In mathematical notation, the OUT= data set is the direct product of the DESIGNREP= data set and the design. If the design is a and the DESIGNREP= data set is b, then the OUT= data set is b $\otimes $ a, where $\otimes $ denotes the direct product.

For details, see the section Replication. For illustrations of the difference between the DESIGNREP= and POINTREP= options, see Example 7.6 and Example 7.7.

Replicate Design Point
POINTREP=p
POINTREP=SAS-data-set

replicates each point of the design. Specify POINTREP=p to replicate each design point p times, where p is an integer. Alternatively, you can specify a SAS data set with the POINTREP= option. In this case, the POINTREP= data set is replicated once for each point in the design and the OUT= data set contains the variables in the POINTREP= data set in addition to the design variables.

In mathematical notation, the OUT= data set is the direct product of the design and the POINT= data set. If the design is a and the POINTREP= data set is b, then the OUT= data set is a $\otimes $ b, where $\otimes $ denotes the direct product.

For details, see the section Replication. For illustrations of the difference between the DESIGNREP= and POINTREP= options, see Example 7.6 and Example 7.7.

Randomize Design
RANDOMIZE <(u)> <NOVALRAN>

randomizes the design. See the section Randomization for details. The following options are available:

(u)

specifies an integer used to start the pseudo-random number generator for randomizing the design. The value of u must be enclosed in parentheses immediately after the keyword RANDOMIZE. If you do not specify a seed, or if you specify a value less than or equal to zero, by default the seed is generated from reading the time of day from the computer’s clock.

NOVALRAN

prevents the randomization of theoretical factor levels to actual levels. The randomization of run order is still performed.

Create Derived Factors

You can create derived factors based on the joint values of a set of the design factors. Each distinct combination of levels of the design factors corresponds to a single level for the derived factor. Thus, when you create a derived factor from k design factors, each with q levels, the derived factor has $q^ k$ levels. Derived factors are useful when you create mixed-level designs; see Example 7.8 for an example. See the section Structure of General Factorial Designs for information about how the levels of design factors are mapped into levels of the derived factor. The general form of the option for creating derived factors is

[ design-factors]= derived-factor <NVALS= (list-of-numbers)>

or

[ design-factors]= derived-factor <CVALS= ('string1' 'string2' …'stringn')>

where

design-factors

gives names of factors currently in the design. These factors are combined to create the new derived factor.

derived-factor

gives a name to the new derived factor. This name must not be used in the design.

NVALS=

lists new numeric levels for the derived factor.

CVALS=

lists new character levels for the derived factor. See the section Recode Design Factors for details.
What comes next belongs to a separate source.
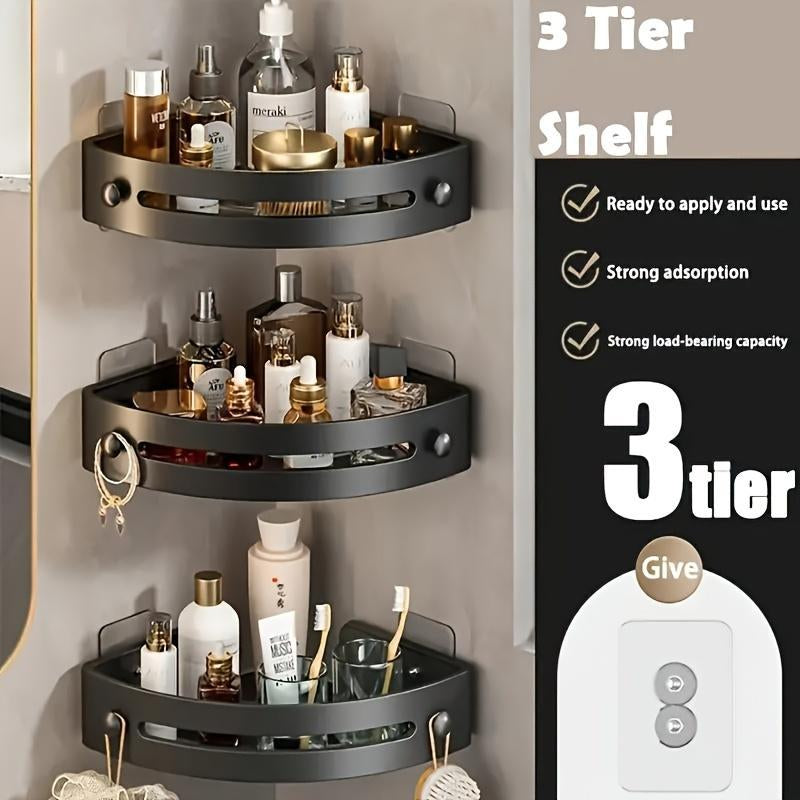 3-Pack Black Triangle Shower Caddy - 3-Tier Corner Shelf Storage Rack, Drill-Free Wall-Mounted Organizer with 40 lbs Load Capacity for Bathroom Accessories, Towels, and Toiletries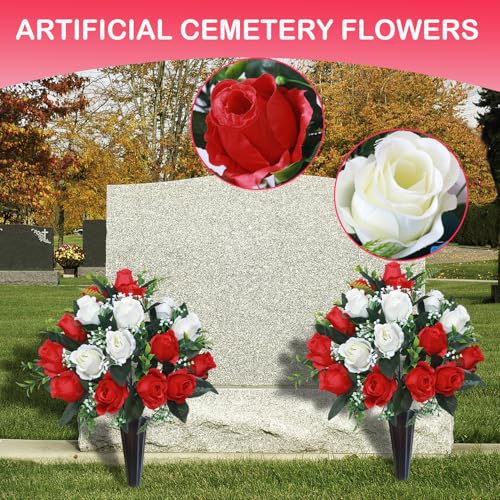 Lodou Set of 2 Artificial Cemetery Flowers, Memorial Flowers Bouquet,Grave Memorial Flowers with Vase for Cemetery Headstones Decoration (Red White) - color: Red White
If you create a derived factor and do not use the NVALS= or CVALS= option to assign levels to the derived factor, the FACTEX procedure assigns the values $0,~ 1, \ldots , q^ k-1$, where the derived factor is created from k design factors, each with q levels. In general, the CVALS= or NVALS= list for a derived factor must contain $q^ k$ values.

The following statement gives an example of creating a derived factor and then renaming the levels of the factor:

output out=new [A1 A2]=A cvals=('A' 'B' 'C' 'D');

This statement converts two 2-level factors (A1 and A2) into one 4-level factor (A), which has the levels A, B, C, and D.